Cine Curitiba, na rua Voluntários da Pátria, em 1950
por José Maria Correia
“ A memória é o paraíso do homem”.
Com o perdão do mestre Rubem Braga, que abominava os textos dos memorialistas, como escrever sobre Curitiba sem a evocação da memória?
Afinal são mais de sessenta anos de andanças e perdições, caminhos e descaminhos.
As esquinas que me viram jogando burico e correndo inutilmente atrás dos balões nas festas juninas, são as mesmas que escondem solidárias até hoje os ecos de minhas paixões adolescentes.
Esta a minha velha Curitiba, confidente única, a parceira do silêncio que comigo dividiu os roteiros juvenis e secretos de sentimentos ardentes e de tantas lágrimas vertidas por inocência e ingenuidade.

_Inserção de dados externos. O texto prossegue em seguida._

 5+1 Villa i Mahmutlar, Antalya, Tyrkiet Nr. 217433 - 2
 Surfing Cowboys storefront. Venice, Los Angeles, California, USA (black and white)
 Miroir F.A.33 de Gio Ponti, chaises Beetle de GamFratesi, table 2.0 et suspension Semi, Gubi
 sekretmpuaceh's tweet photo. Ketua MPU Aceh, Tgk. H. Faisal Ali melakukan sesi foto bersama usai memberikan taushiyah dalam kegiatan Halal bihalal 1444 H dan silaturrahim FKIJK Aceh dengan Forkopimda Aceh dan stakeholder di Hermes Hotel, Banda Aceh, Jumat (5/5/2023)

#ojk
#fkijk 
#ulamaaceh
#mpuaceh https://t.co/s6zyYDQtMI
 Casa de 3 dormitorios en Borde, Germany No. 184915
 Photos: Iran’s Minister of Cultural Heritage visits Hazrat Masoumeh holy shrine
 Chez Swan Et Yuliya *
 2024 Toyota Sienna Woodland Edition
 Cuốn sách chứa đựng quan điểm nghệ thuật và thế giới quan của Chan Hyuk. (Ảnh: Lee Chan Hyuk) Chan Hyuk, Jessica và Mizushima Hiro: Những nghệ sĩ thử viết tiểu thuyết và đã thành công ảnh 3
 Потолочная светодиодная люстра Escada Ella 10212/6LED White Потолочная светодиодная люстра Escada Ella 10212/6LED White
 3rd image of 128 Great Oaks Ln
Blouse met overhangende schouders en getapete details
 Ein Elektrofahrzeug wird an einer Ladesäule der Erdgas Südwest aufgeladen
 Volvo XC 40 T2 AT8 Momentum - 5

Com que saudades, Curitiba, vejo ainda nas fotografias do imaginário, os lambaris translúcidos povoando todos os rios da minha infância, águas cristalinas terminando em pequenas quedas e cascatas, domingos de futebol, campos verdes e multidões em tardes douradas de encantamento.
Como esquecer as doces manhãs de guarda-pós brancos, brilhando alvos como marfim nos pátios do 19 de Dezembro, do Julia Wanderley e do Belmiro Cesar ?
Quanta devoção pelas primeiras professoras, musas inatingíveis a criar sonhos febris e fantasias irrealizadas até hoje.
E que tempos os do Colégio Estadual, do esporte, do teatro, da música e da literatura, tudo tão diferente de hoje, da linguagem virtual minimalista, das decorebas em cursinhos massificados e vestibulares do marketing e do comércio.
Foi no Estadual, na antiga biblioteca, com a cumplicidade dos mestres e eruditos, que devorei “Os Subterrâneos da Liberdade” e toda a coleção de Jorge Amado, autor proscrito e no índex da ditadura militar que nos sufocava, mas não nos submetia.
E os roteiros underground: o voyeurismo de espiar as lindas modelos posando nuas nos porões da Biblioteca Pública, os olhos grudados nos vitrôs semi-abertos embaixo da rampa e as mãos nervosas nos bolsos das calças ainda curtas.
Levar as namoradas de surpresa na morgue da Universidade – e tirar proveito da imobilidade causada pelo terror da visão da morte mumificada em formol, para minutos de roubado erotismo.
Invadir à noite os porões e os labirintos de rituais de iniciação das lojas maçônicas, tentar decifrar as inscrições e os símbolos proibidos e finalmente a prova suprema de coragem, pular o muro do Cemitério Municipal à meia noite e atravessar sozinho de ponta a ponta, passo lento e sem pressa, entre assustadoras cruzes de bronze e sombrios anjos de pálido mármore iluminados por esquecidas velas e círios.
Essas proezas conferiam status, só não me perguntem quem criava tais desafios.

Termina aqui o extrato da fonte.